The three look at themselves with confused looks and the woman’s face falls.
“Oh, come ON. You guys HAVE to know who we are!”
More confusion, and Loralee understood. The lady on the phone said something about minor celebrities and-
“The G-Ls? Team Kickass? The 5’2” Mafia?”
Lots of confusion and the woman throws up her hands.
“Oh, for fucks’ sake! We’re wrestlers! Literally wrestle in THIS COUNTY every week on TV?”
Shrugged shoulders and she turns toward her wife.
“Beloved! Remind me to speak to the Coalition marketing team!”
She grumbles about ‘market penetration’ as she turns back to the trio of goths/warlocks/vampires.
“Anyway...we’re wrestlers, right? And in our profession, there is a tendency to hype up theatrics. Usually just for marketing purposes...like selling swag, and the like...but also for mind games. Like, if you can convince your opponent that you’re something you’re not, they’ll prepare for THAT and then BLAM! You nail the with what you REALLY are. That make sense?”
More confused glances and the pale woman shakes her head.
“Take me, for example. I spent a couple of years convincing the world I was this dumb vlogger, right? Only cared about getting likes and shares and stuff. And then BLAM! Got in the ring, choked out some bitches, won some titles, set the world on fire. It was super effective at the time. But over the years, there have been OTHER examples of this, examples which ranged from scary to creepy to downright 80s slasher style stupidity which is beyond laughable. Like YOU three! And the Creeps, for that matter.
“Ya see, there is this trio of tryhards, right? One of them wrestles...another talks...I’m not sure what the third one actually does-”
Her eyes take in the tall man, the one with the dumb hair, and the fat man, in turn.
“-and they all engage in this...well...trickery...in order to gain a mental advantage. It works on some, of course, but not the elite. That’s a part of what makes people at my level the elite, ya know? I’m not ‘World Class’ for nothing! And unfortunately for them, those mind games are becoming less and less effective as people are exposed to them, because THEY are becoming exposed for the charlatans they are.”
The woman starts pacing suddenly, moving in tight lines, and Loralee blinks several times. So do the three neighbors who have caused so much trouble in the past. But not the dark-skinned woman. Loralee could be wrong, but she was pretty sure she saw desire in those dark eyes as they watched her partner pacing.

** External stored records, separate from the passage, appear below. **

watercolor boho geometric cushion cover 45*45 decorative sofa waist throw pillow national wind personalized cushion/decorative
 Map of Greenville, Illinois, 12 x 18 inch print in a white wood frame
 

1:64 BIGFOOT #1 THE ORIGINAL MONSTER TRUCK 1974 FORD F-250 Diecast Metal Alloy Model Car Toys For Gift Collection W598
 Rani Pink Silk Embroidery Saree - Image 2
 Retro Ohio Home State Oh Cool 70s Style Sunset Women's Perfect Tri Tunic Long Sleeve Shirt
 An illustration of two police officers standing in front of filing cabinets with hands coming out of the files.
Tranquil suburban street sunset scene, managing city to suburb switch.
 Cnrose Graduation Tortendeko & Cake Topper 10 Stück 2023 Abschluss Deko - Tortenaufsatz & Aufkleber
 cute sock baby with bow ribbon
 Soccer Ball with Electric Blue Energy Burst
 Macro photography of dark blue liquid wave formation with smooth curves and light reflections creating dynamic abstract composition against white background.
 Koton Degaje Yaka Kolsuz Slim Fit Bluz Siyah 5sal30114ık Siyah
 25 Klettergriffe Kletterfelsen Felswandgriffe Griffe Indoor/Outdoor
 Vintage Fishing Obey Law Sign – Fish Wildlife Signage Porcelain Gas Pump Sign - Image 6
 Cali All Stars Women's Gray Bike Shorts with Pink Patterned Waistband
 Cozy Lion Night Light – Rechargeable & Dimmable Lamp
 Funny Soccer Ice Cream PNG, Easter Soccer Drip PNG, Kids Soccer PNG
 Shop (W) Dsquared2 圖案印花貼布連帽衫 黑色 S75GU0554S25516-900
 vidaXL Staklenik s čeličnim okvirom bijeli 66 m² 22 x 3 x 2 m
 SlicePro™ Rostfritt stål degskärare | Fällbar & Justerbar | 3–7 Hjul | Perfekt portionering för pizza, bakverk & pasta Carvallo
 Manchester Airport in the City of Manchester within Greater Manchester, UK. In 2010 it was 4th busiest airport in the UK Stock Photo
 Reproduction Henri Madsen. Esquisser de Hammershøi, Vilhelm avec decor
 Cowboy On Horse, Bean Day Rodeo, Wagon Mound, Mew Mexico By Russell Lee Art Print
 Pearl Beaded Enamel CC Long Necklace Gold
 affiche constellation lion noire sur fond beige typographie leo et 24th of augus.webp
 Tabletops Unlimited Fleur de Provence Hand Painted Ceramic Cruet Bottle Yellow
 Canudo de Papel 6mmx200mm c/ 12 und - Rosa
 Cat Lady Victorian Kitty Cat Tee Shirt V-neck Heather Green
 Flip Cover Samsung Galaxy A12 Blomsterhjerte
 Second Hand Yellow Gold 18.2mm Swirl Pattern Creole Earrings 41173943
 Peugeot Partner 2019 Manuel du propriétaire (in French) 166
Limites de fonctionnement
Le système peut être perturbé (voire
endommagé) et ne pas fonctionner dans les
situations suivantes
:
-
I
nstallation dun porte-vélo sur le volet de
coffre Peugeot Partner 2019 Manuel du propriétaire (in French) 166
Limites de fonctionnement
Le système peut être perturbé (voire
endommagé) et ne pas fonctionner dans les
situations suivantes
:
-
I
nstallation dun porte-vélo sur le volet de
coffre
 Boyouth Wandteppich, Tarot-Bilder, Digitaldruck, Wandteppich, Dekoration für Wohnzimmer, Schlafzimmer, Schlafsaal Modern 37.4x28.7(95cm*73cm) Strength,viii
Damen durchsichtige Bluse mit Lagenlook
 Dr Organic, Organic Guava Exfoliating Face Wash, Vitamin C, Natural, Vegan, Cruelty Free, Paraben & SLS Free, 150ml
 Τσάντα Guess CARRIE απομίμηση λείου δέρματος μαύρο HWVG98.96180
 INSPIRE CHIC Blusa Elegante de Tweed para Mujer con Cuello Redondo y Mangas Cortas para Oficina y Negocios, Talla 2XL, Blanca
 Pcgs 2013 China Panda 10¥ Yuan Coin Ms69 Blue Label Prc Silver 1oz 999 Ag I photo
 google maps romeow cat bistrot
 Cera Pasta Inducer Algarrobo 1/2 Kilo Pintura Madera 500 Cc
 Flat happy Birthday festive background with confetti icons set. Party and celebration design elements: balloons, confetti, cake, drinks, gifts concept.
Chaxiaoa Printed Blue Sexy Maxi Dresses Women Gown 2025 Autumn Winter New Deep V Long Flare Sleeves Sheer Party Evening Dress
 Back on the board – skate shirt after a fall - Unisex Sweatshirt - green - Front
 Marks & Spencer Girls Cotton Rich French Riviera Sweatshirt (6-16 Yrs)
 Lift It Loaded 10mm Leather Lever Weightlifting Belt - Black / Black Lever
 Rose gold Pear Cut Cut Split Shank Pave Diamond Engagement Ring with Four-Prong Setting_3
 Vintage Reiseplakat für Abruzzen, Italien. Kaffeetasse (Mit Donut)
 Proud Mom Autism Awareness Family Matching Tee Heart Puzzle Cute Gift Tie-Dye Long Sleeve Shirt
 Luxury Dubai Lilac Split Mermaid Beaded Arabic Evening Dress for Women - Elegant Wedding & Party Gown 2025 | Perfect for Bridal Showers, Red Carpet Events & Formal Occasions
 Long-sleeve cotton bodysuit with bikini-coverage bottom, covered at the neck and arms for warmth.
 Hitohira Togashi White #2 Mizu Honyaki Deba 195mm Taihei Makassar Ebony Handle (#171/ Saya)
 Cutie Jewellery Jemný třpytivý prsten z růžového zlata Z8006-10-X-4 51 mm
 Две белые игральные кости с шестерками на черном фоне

“Our names are Grey-Lacklan, by the way, and that means a LOT for those who know better. Yes, we wrestle on your television sets every week, providing fresh content in a sea of Same Shit, Different Day offered by so many others, but we’re not just wrestlers of TODAY, ya know? I mean, yes, we are GREAT examples of the modern day wrestler. Us ‘kids’ today? We travel across the world, not caring about putting down roots or ruffling feathers, and fight every style in every land. And we rejoice in how the fans flock to us, the competitors fear us, and the owners pay us. Sure, I’ve turned away from the overall freelancer mentality of my peers and have become exclusive to Chicago, but you don’t EVEN want to know about the contract I got from various bosses in my career!
“But apart from being modern wrestlers? We’re also students of our sport. While a LOT of people I see these days...we’re talking names like Raab and Rydell, but you should really just kinda forget them...are just here for the pin-me-and-pay-me part of the business, we have a LOVE for it that is both nature and nurture. Both my Beloved and I are second generation wrestlers...my father was a wrestler and I literally grew up in a town that considers wrestling a religion...don’t ask...legit, don’t ask...and Kenzi’s sweet, loving, understanding, and accepting mother was also a champion...and they raised us to love what they did. Well, MY father did, anyway...Kenzi’s wanted her to stay the hell away from anything which might wreck her acting career, but that’s just silly…”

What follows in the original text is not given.